Caucasian Semi Truck Driver Talking on the CB Radio with Other Truckers in a Convoy.

CB Radios ‘Allow Communication Free Of Restraint’

In this day and age when we have communication tools at our fingertips, many people favour using their smartphones, tablets or computers over old-fashioned radios. However, there is still a time and place for CB radios, particularly because they let people communicate without being restricted about what they say.

This is according to Ellie McFarland who wrote an article for 71 Republic about the benefits of CB radios, and why these should still be popular devices.

She told the readers about her father who used to visit West Virginia when he was in college during the 1980s. He would use a ham radio (amateur radio) when he was climbing in the trees to talk with other students across the campus, as this was the only form of remote communication available in those days.

While he was tempted to use the ham radio to order a pizza from the local pizzeria, he was prevented from doing so because the signal was only for non-commercial purposes.

However, the great thing about CB radios is there are no such restrictions or regulations.

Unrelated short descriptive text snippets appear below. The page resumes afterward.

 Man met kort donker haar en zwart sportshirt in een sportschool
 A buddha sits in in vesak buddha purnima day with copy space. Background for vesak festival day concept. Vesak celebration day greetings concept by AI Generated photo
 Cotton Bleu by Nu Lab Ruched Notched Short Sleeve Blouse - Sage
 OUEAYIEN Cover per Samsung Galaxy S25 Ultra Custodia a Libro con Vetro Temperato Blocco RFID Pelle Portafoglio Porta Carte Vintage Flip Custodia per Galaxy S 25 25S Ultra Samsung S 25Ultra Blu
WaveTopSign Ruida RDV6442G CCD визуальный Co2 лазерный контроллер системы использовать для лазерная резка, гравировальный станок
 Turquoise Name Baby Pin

Across 40 channels, people can talk about anything they want, whether they wish to discuss plans to overthrow the government; talk in a vulgar manner; or broadcast copyrighted songs.

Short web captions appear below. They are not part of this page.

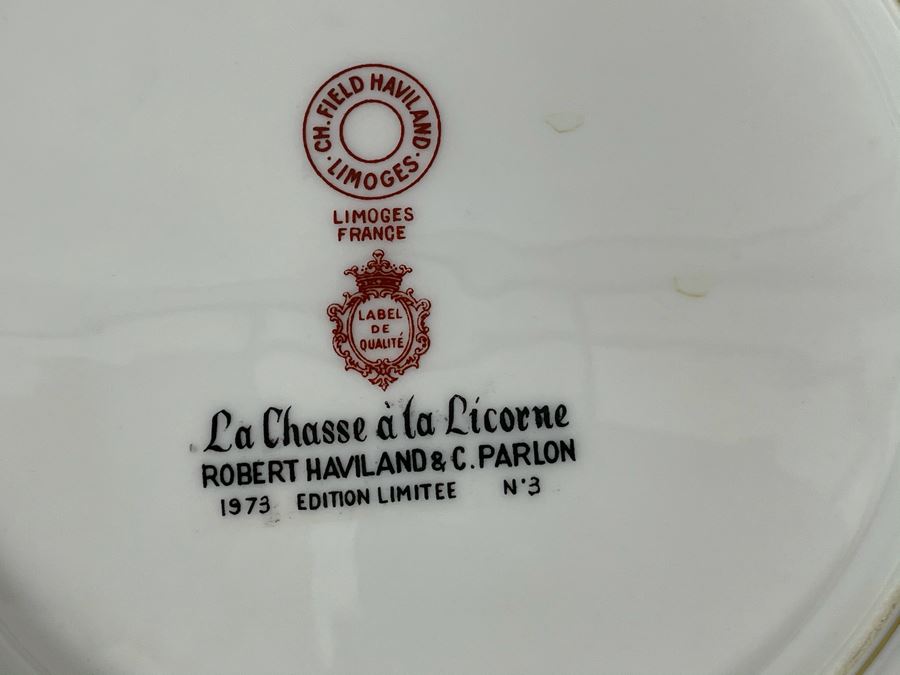 JUST ADDED - Limoges France CH Field Haviland Limited Edition Plates From Series La Chasse A La Licorne 9.75R (5 Unicorn Plates Total) [Photo 12]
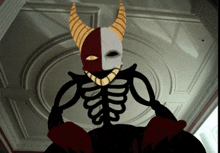 a drawing of a skeleton with horns and a red and white face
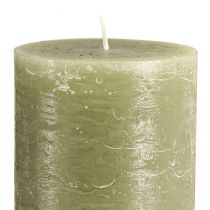 Artículo Juego de 2 velas de pilar grandes de color verde oliva, velas decorativas para decoración de mesas y ambiente del hogar, 85 x 200 mm, larga duración de combustión.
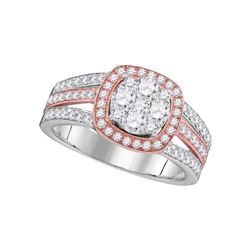 Diamond Cluster Bridal Wedding Engagement Ring 1.00 Cttw 14kt Two-tone Gold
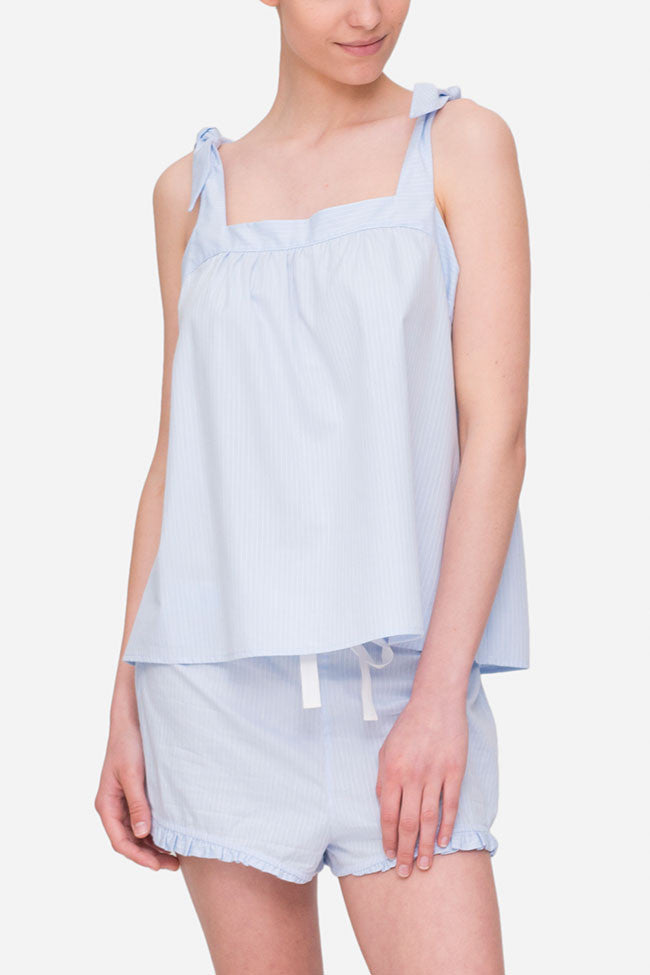 Tie Top Blue Cotton Stripe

These days, the internet is more regulated than CB radio, as the FCC does not see the small number of people who regularly utilise the radio network as a threat.

“Although CB radio is public, its simplicity and antiquity is the advantage. They’re nearly undetectable and unrestricted – legally or illegally,” wrote Ms McFarland.

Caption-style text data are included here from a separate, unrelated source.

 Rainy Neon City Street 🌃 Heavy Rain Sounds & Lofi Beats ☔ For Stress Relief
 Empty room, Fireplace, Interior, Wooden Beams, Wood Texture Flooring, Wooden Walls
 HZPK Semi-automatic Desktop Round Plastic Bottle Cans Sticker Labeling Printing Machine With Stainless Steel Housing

She went on to say: “It’s important to employ these alternative communication methods when we can. Non-violently evading government reach where you can is one of the most effective ways to fight against it.”

CB radios, although first invented in 1945 by Al Gross, became popular during the 1970s when they were used by drivers, as well as businesses. The oil crisis of 1973 meant truckers needed a way to communicate which gas stations had enough fuel for them, eventually leading to additional channels being added to the network.